Jack Kelly writes in RealClearPolitics about Russia’s apparent invasion of neighboring Georgia, comparing the current situation to the lead-up to World War II. In the late 1930s, Neville Chamberlain—Prime Minister of the United Kingdom—had joined with French Prime Minister Edouard Daladier and German Chancellor Adolph Hitler to discuss Hitler’s territorial ambitions. Germany had already annexed Austria with virtually no opposition, and the three leaders now agreed to Hitler’s desire to annex the Sudetenland—part of Czechoslovakia—with Hitler’s fervent assurances that he would then be done.

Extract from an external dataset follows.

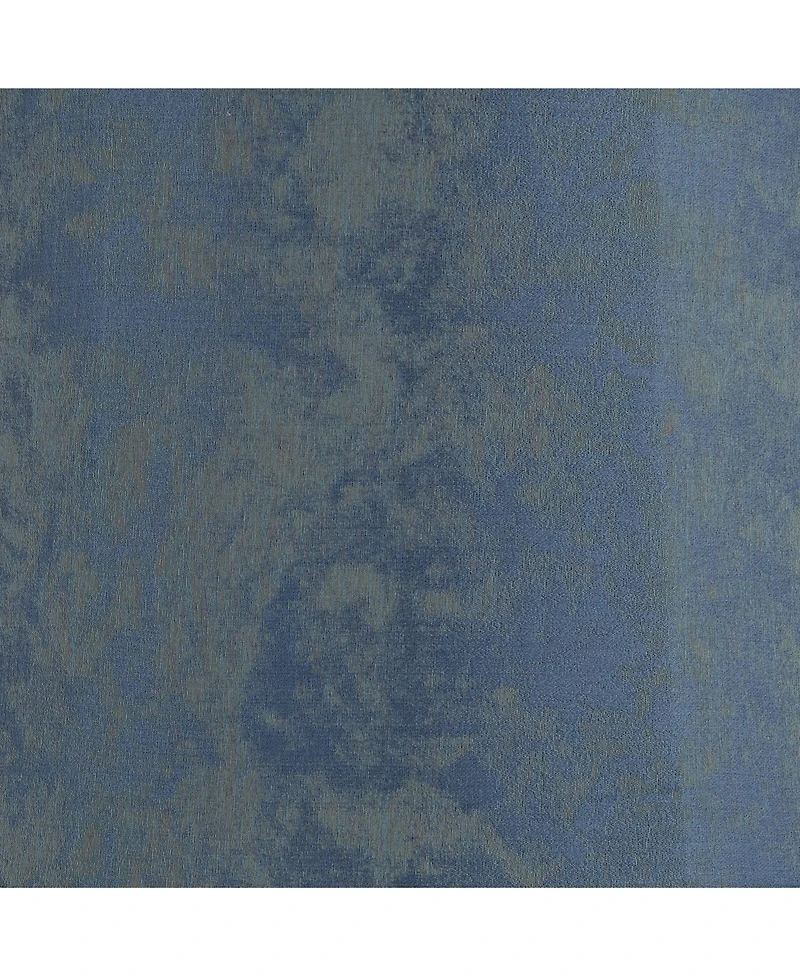 Springcrest Nagano 14" Top x 16" Bottom x 11 1/2" High x 11 1/2" Slant Print Lamp Shade Blue Drum Softback Washer Harp Finial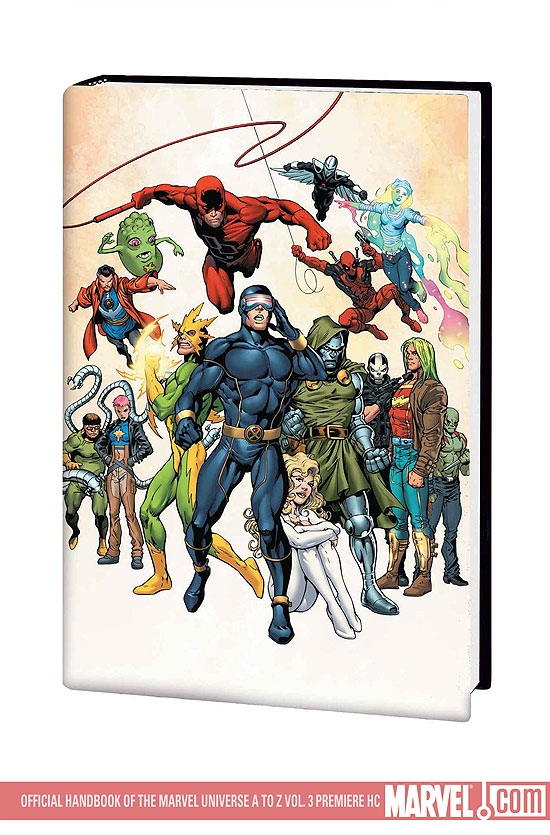 Official Handbook of the Marvel Universe a to Z Vol. 3 Premiere (Hardcover)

Chamberlain and Daladier each went home to their respective countries declaring that they had achieved a peaceful resolution to the German crises. Chamberlain famously stated, “My good friends, for the second time in our history, a British Prime Minister has returned from Germany bringing peace with honor. I believe it is peace for our time.”
Hitler, of course, was not a man of honor, and the agreements England and France made with him did not bring peace. We now know that appeasement doesn’t work, and once a regime gets a taste for invasion and annexation it tends to continue doing it. There is legitimate concern that Vladamir Putin’s Russia, which continues its invasion of Georgia despite having agreed to a cessation of hostilities, is beginning a walk down the same path in an effort reconstitute the bygone Soviet Union (the collapse of which Putin has called “the greatest geopolitical catastrophe of the [20th] century”). Chillingly, as Kelly states, “Putin is using the same excuse for invading Georgia (protecting Russian ethnic minorities) that Hitler used for invading Czechoslovakia and Poland (protecting German minorities).”
We need to be very careful not to repeat the mistakes of Chamberlain and Daladier, and to treat the Georgian crisis with appropriate seriousness as a potential harbinger of things to come from Putin’s Russia.